Only use it for snapshot sharing with other family members so far.


----------



## mackguyver (Apr 30, 2014)

AcutancePhotography said:


> Interesting to read that serious photography is now on instagram.
> 
> Good luck with it, hope you like the experience.


Yeah, I was surprised, too. It had such a bad rap from photographers (myself included) when it started, but it's kind of fun. There's a huge Russian presence on it, which was unexpected, but nearly all of the NG photographers and a lot of others are starting to post their work on it. I'm not a fan of Facebook or Twitter so I thought I'd give it a try. It's still an experiment in progress but so far it hasn't cost me much more than about 5 minutes a day to pick a photo from my Smugmug app, crop it, and add a description and some keywords (aka hashtags) and hit post.


----------



## slclick (Apr 30, 2014)

My kids are.


----------



## mackguyver (Apr 30, 2014)

slclick said:


> My kids are.


Good answer


----------



## mackguyver (May 2, 2014)

Blog post from Reuters:
Instagram – a platform for professionals?


----------



## mackguyver (Aug 7, 2014)

Update on my experiences with Instagram. I've posted 179 photos now and have a whopping 69 followers...not so good compared to the millions others have...

It's 5 minutes at most a day and I did find some apps to uncrop, i.e. add white letterboxes, my photos, so it's not been a big investment, but it hasn't exactly paid off for me.

The best part - my old crappy "throw back Thursday" aka TBT photos and a photo of my cat have proven to be my most popular in terms of "likes". Well, one Osprey picture is my 2nd most popular at least!

Two conclusions so far - #1, I have no idea how to exploit this platform (clearly!), and #2, celebrities, cats, photos of young women's outfits, cleavage, "thigh gaps", and such are clearly the most popular photos.


----------



## Marsu42 (Aug 8, 2014)

mackguyver said:


> How many other members are on Instagram? What are your thoughts on using it?



I've recently been told that instagram is the one thing to post on next to tumblr if you want to spread your photography, but I don't really come to terms with it.

As far as I see it this has a destinct "upload your mobile phone shots" look & fell, and I recently read the user base is very young and predominantly female (I could try to remember the link if necessary) which squares with the people raving about it to me.


----------



## colin.davis (Aug 8, 2014)

Hey Mackguyver, on advice from a friend, I have given it a go.
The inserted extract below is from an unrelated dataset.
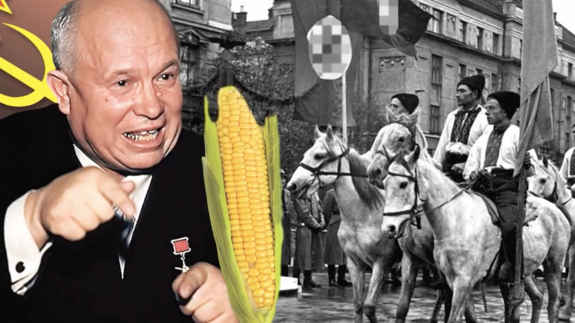 Андрей Фурсов о подлости англичан и растлении Украины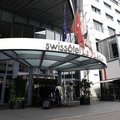 Basel Marriott Hotel, Swissôtel Le Plaza Basel, Marriott International, Hotellerie Basel, Stadthotellerie Schweiz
It is as you say pretty easy to just upload a photo from your collection. I seem to be doing pretty well, almost at the 1k mark. Whoop whoop. 

http://instagram.com/colindavisphotography


----------



## mackguyver (Aug 8, 2014)

Marsu42 said:


> mackguyver said:
> 
> 
> > How many other members are on Instagram? What are your thoughts on using it?
> ...


I think Instagram is growing and changing and it slants female, but it's certainly not like Pinterest (said to be 85-90% female). If anything, it seems to have a lot of Russians on it, which is interesting. As I said, for me, the investment so far has been minimal and it's kind of fun to interact with people from all around the world.

The thing I need to do is to learn how to use it better, but I guess that would require some investment of my time.



colin.davis said:


> Hey Mackguyver, on advice from a friend, I have given it a go. It is as you say pretty easy to just upload a photo from your collection. I seem to be doing pretty well, almost at the 1k mark. Whoop whoop.
> 
> http://instagram.com/colindavisphotography


Hey Collin, I just followed you (ianandersonphotography) and I like your work. You're obviously much better at IG than me, but I'm a social media disaster on Facebook and Twitter. Sadly, LinkedIn is the only one I seem to have had much success with, but I'm eager to change that with IG. Congrats on getting so many to follow you and now you're one follower closer to 1000!


----------



## dryanparker (Aug 8, 2014)

I use LinkedIn and Instagram quite heavily, and to a lesser extent Twitter.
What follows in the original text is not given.